Pathogenesis
The ingested bacteria enter the intestinal wall through the small intestinal mucosa. The point of entry in experimentally infected goats has been shown to be through M cells found in the follicle-associated epithelium lining the domes of the Peyer's patches and also through enterocytes in areas without Peyer's patches (SigurSardottir et al., 2001, 2005).

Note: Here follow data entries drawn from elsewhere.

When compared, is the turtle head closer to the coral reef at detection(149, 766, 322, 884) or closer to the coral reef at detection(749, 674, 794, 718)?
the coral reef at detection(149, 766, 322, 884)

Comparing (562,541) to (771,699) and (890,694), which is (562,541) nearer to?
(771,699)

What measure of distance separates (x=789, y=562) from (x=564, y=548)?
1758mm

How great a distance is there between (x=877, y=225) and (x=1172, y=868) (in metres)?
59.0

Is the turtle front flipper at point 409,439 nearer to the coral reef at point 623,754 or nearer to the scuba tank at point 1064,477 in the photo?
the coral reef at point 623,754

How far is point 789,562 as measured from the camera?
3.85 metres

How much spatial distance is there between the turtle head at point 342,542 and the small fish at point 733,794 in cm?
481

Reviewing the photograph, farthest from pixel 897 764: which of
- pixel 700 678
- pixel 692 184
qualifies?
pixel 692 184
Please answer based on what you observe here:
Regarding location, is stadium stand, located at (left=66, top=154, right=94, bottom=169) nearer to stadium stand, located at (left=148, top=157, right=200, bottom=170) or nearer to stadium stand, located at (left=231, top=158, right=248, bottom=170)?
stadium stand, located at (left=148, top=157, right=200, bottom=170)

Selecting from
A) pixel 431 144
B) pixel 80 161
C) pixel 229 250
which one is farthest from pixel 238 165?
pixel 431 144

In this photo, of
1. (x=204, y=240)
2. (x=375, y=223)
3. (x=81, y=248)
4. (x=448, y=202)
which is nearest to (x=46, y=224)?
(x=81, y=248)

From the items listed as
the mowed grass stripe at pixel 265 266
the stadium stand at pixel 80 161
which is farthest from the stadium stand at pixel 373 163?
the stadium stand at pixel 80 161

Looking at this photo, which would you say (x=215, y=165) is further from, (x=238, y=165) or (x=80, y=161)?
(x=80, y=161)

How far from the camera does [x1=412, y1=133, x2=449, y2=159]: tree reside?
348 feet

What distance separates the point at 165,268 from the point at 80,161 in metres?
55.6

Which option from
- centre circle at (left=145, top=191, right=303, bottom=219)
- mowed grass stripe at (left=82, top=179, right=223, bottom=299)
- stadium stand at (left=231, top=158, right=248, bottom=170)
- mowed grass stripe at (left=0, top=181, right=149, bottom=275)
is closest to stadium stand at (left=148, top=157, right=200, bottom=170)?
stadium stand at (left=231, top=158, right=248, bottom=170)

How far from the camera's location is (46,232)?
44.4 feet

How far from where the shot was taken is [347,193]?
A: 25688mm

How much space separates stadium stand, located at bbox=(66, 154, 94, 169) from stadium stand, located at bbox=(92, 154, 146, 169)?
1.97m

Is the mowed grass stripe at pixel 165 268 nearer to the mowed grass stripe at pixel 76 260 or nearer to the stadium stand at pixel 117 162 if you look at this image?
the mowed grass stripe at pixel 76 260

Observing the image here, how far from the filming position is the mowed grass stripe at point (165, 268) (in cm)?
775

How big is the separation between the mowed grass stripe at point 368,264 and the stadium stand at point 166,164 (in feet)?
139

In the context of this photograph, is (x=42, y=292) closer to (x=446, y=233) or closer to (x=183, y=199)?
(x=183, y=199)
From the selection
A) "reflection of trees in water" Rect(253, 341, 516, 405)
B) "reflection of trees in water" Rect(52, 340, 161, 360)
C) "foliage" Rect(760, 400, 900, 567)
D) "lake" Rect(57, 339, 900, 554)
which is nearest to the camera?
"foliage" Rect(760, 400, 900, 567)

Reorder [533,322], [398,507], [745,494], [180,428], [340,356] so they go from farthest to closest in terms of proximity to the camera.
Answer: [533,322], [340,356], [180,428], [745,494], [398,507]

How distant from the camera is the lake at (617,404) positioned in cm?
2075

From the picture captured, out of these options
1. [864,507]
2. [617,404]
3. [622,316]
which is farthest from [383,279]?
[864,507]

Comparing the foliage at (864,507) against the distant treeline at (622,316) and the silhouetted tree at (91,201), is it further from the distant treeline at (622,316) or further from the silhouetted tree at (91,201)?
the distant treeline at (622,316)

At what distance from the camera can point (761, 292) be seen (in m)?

The bacteria are subsequently phagocytosed by subepithe- lial macrophages, and MAP is initially found in the intestinal and intestinal lymph node macrophages. Within macrophages, MAP resist intracellular degradation and slowly replicate, stimulating inflammatory and immunological responses (Olsen et al., 2002).Infection with MAP is usually characterized by an initial clinically silent period. Eventually, macrophages may lyse and facilitate spread of MAP (Koets et al., 2015). Granulomatous arteritis has been detected in the intestine of goats and might contribute to the spread of MAP (Kruger et al., 2015b). New infectious foci could also develop following dissemination from, for example, areas of caseous necrosis (Kruger et al., 2015a, b; Lybeck et al., 2013).
Most animals infected with MAP are able to control the infection. However, subclinically infected animals will probably remain infected for the rest of their life, and some may intermittently shed the bacteria in faeces, contributing to spread of the infection. Whether infected animals can clear the infection or not remains unclear. The bacteria could not be cultured from tissue lesions of goats that previously had been faecal shedders and IFN-γ positive, and a reduction in lesions and bacterial load was seen at 6-12 months compared with 3 months of age in some animals (Kohler et al., 2015). In other studies, some individuals of experimentally infected goats where a cell-mediated immune response had been detected were found not to display lesions or harbour MAP bacteria (SigurSardottir et al., 1999; Storset et al., 2001). Still, it cannot be excluded that these animals were infected, but that the numbers of bacteria were too low to be detected.